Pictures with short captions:
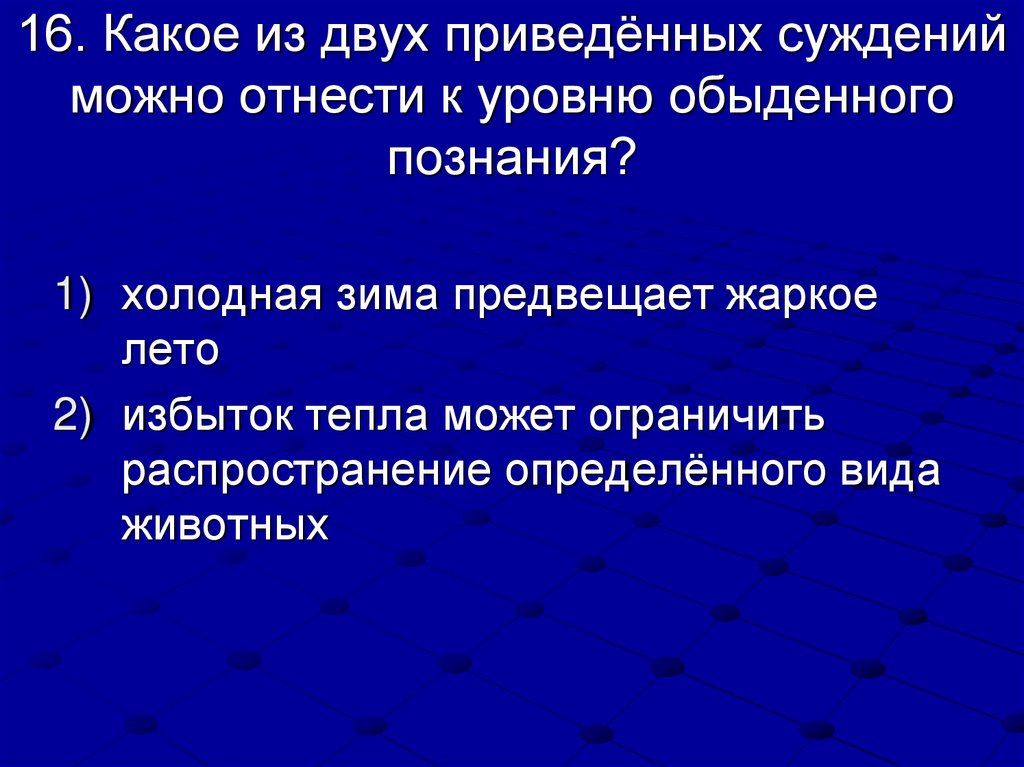 16. Какое из двух приведённых суждений можно отнести к уровню обыденного познания?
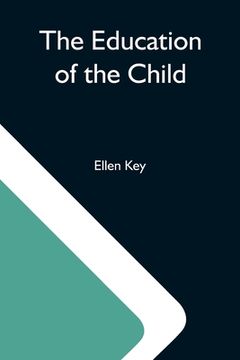 portada The Education of the Child (in English)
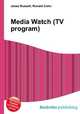 Media Watch (TV program), Jesse Russell,Ronald Cohn 
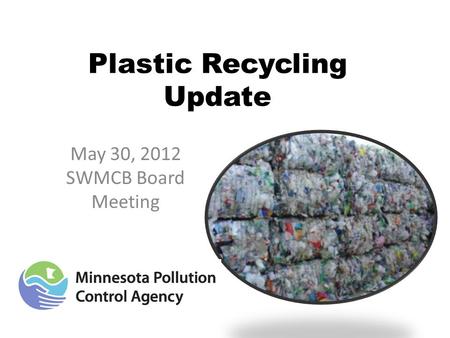 Plastic Recycling Update May 30, 2012 SWMCB Board Meeting.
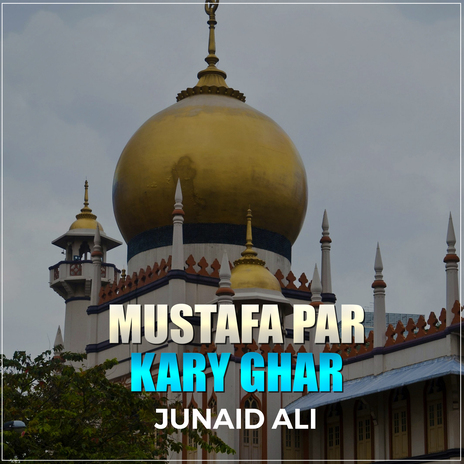 Mustafa Par Kary Ghar | Boomplay Music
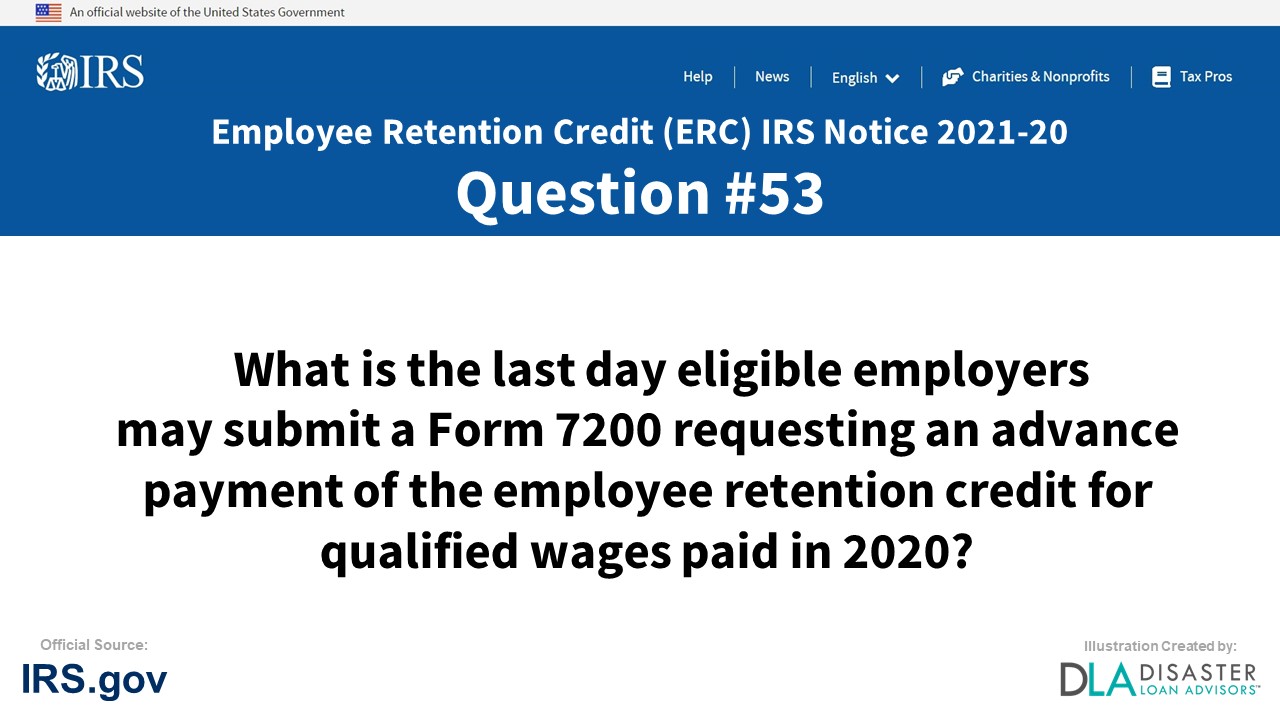 What is the last day eligible employers may submit a Form 7200 requesting an advance payment of the employee retention credit for qualified wages paid in 2020? - #53 ERC IRS Notice 2021-20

| EXERCISE BRIEF |
With pictures left out, repeat exactly the lines from the one containing "Media Watch (TV" through the last line of the data above, inclusive, and nothing else.

| REPLY TO THE EXERCISE |
 Media Watch (TV program), Jesse Russell,Ronald Cohn 
 Plastic Recycling Update May 30, 2012 SWMCB Board Meeting.
 Mustafa Par Kary Ghar | Boomplay Music
 What is the last day eligible employers may submit a Form 7200 requesting an advance payment of the employee retention credit for qualified wages paid in 2020? - #53 ERC IRS Notice 2021-20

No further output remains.